In particular, it activated 245 of the 648 upregulated genes during plasmablast differentiation and repressed 173 of the 424 downregulated genes during plasmablast differentiation.

This suggests Blimp-1 plays a crucial role in plasma cells, said first author Martina Minnich, also from IMP.

Repressed Blimp-1 target genes include 32 signal transducers, 16 cell-surface receptors, and 13 transcriptional regulators. In particular, she and her colleagues noted that it repressed Aicda, which encodes the cytidine deaminase AID, to lead to the silencing of B cell-specific gene expression, antigen presentation, and class-switch recombination in plasmablasts.

Meanwhile, activated Blimp-1 target genes include 15 signal transducers, seven cell-surface receptors, and seven transcriptional regulators. In addition, the researchers uncovered nine activated target genes and 21 repressed target genes encoding cell-surface proteins, signal transducers, and cytoskeletal proteins that are all involved in cell adhesion and migration. This, they added, indicated Blimp-1 controls plasmablasts' migratory and sessile behavior.

It also activated genes that lead to increased expression of the plasma cell regulator IRF4 as well as proteins involved in the secretion of immunoglobulin.

While Blimp-1 is a key part of plasma cell development, the Walter and Eliza Hall Institute of Medical Research-led team noted that it is not essential for the survival of plasma cells, as IRF4 is.

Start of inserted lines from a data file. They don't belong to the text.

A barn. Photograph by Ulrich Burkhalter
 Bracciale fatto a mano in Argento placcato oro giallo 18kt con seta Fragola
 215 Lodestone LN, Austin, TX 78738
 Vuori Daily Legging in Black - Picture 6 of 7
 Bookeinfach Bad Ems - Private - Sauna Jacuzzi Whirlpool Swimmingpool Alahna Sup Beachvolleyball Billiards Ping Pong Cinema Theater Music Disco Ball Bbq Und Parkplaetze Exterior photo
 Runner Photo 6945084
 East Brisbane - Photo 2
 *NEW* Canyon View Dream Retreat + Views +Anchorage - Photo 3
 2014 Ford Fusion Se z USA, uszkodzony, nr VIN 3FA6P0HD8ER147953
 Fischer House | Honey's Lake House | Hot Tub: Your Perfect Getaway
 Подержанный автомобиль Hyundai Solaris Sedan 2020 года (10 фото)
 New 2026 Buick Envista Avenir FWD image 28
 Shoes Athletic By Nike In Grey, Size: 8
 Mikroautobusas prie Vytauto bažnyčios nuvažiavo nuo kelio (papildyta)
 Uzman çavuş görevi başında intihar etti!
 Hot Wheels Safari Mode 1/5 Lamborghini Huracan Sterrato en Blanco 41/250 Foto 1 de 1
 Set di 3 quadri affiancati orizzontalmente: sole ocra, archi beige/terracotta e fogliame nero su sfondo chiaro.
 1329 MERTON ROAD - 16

However, as they reported in their paper today, Blimp-1-deficient plasma cells lose their ability to secrete antibodies.

By removing Blimp-1, IRF4, or XBP-1 — all of which are involved the differentiation of activated B cells into plasma cells — from mature plasma cells, the researchers found that IRF4 was needed for plasma cell survival, though Blimp-1 and XBP-1 were not.

Through RNA-seq of plasma cells with active or inactive Blimp-1, the researchers found that Blimp-1 isn't needed to maintain plasma cell identity, despite its role in the development of plasma cells. While it does appear to continue to repress B-cell genes and transcription, the researchers suggested that the plasma cell transcriptome, once established by Blimp-1, could be maintained independently of it.

In addition, by examining immunoglobulin secretion in mice with or without Blimp-1 in their plasma cells, they found that Blimp-1 has a crucial role in the production of immunoglobulin-encoding transcripts, which they noted, allows plasma cells to produce large amounts of antibodies.

"[Our study has] demonstrated that while the survival and identity of long-lived [plasma cells] is largely independent of Blimp-1, this multifunctional transcriptional regulator is essential for the molecular and cellular changes that support the extremely high and sustained rates of antibody secretion that are essential for protective immunity," the researchers wrote.

While these studies shed light on how the immune system works, it also could help researchers understand when it goes awry, according to the IMP. Mutations in Blimp-1, for instance can prevent B-cell differentiation and lead to the development of lymphoma.